(Beginning of Data block)
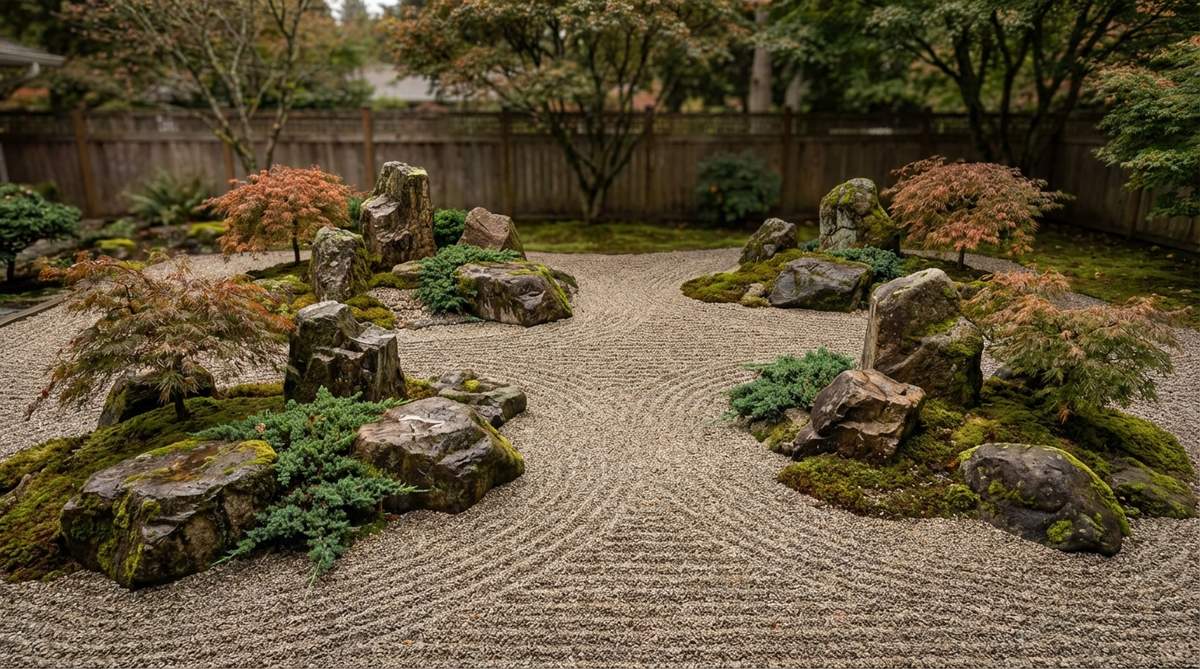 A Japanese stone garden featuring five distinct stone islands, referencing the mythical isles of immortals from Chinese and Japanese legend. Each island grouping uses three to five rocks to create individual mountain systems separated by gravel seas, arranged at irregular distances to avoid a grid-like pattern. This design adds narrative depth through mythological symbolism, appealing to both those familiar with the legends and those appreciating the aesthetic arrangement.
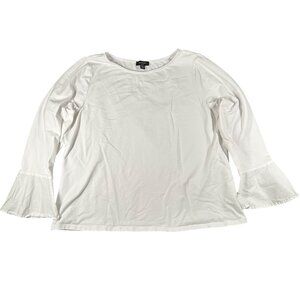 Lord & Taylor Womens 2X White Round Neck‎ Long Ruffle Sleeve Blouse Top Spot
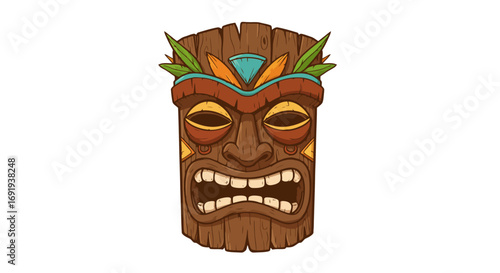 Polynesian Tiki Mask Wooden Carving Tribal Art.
(End of Data block)
When repeating the material above, keep every line exact and drop all pictures.

» Exercise answer
 A Japanese stone garden featuring five distinct stone islands, referencing the mythical isles of immortals from Chinese and Japanese legend. Each island grouping uses three to five rocks to create individual mountain systems separated by gravel seas, arranged at irregular distances to avoid a grid-like pattern. This design adds narrative depth through mythological symbolism, appealing to both those familiar with the legends and those appreciating the aesthetic arrangement.
 Lord & Taylor Womens 2X White Round Neck‎ Long Ruffle Sleeve Blouse Top Spot
 Polynesian Tiki Mask Wooden Carving Tribal Art.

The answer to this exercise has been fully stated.